A permutation matrix is any $n \times n$ matrix that has exactly one 1 in each row and column, with all other entries being 0. Here is an example of a $6 \times 6$ permutation matrix:

$$P = \pmatrix{ 0 &0 &1 &0 &0 &0 \cr 0 &0 &0 &0 &0 &1 \cr 0 &0 &0 &1 &0 &0 \cr 1 &0 &0 &0 &0 &0 \cr 0 &0 &0 &0 &1 &0 \cr 0 &1 &0 &0 &0 &0 \cr}$$

Such a matrix is called a permutation matrix because it is obtained by permuting the rows or columns of the identity matrix. (This yields a one-to-one correspondence between the set of $n \times n$ permutation matrices and the set of permutations on $n$ elements. One can verify that multiplying a vector by a permutation matrix permutes the elements of the vector accordingly.) Every permutation matrix is unitary. This implies that the eigenvalues of any permutation matrix all lie on the complex unit circle, and one might wonder how these eigenvalues are distributed when permutation matrices are chosen at random (that is, uniformly from the set of all $n \times n$ permutation matrices). Some work has already been done in studying the eigenvalues of permutation matrices. Diaconis and Shahshahani [1] looked at the trace (sum of the eigenvalues), and Wieand [6], [5] investigated the number of eigenvalues that lie in a fixed arc of the unit circle. In both cases, the asymptotic behavior for large $n$ was determined.

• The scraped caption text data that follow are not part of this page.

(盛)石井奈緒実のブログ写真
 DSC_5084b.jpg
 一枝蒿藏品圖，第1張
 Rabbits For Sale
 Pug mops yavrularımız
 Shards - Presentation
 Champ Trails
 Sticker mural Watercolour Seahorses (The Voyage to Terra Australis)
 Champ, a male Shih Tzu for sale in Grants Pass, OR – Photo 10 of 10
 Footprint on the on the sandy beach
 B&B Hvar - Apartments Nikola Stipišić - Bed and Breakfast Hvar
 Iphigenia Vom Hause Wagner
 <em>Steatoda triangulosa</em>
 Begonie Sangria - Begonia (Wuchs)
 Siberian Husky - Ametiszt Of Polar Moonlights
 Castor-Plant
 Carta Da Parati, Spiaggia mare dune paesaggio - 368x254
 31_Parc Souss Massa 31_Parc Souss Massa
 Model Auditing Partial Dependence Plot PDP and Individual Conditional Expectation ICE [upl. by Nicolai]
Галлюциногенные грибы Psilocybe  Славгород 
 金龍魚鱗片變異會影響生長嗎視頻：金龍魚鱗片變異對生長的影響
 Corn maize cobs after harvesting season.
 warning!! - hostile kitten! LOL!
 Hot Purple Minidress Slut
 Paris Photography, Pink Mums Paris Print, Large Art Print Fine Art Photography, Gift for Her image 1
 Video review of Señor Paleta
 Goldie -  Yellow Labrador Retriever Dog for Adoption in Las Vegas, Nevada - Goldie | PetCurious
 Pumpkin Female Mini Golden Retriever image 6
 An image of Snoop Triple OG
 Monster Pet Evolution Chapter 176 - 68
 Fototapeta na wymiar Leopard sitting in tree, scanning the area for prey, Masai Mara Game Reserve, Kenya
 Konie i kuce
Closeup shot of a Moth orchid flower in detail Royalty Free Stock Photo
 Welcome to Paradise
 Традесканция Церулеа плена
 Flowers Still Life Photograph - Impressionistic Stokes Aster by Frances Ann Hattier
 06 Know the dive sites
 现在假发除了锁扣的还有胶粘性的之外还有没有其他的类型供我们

Roughly speaking, the number of eigenvalues that lie in a fixed interval on the unit circle will be proportional to the length of the interval and to the dimension $n$ of the matrix. In this project, the idea was to allow $n$ to increase while decreasing the size of the interval, so that the number of eigenvalues lying in it should remain fairly constant on average. In particular, for fixed positive constants $a$ and $\ell$, we looked at the number of eigenvalues $X_{n,a}$ lying in the half-open interval $I_n = \left(e^{2 \pi i a}, e^{2 \pi i(a +\ell/n)}\right]$ when an $n \times n$ permutation matrix is chosen at random, and we found the limit of the mean of $X_{n,a}$ as $n\rightarrow\infty$ for certain values of $a$ (including all rational points and certain "well-behaved" irrational points).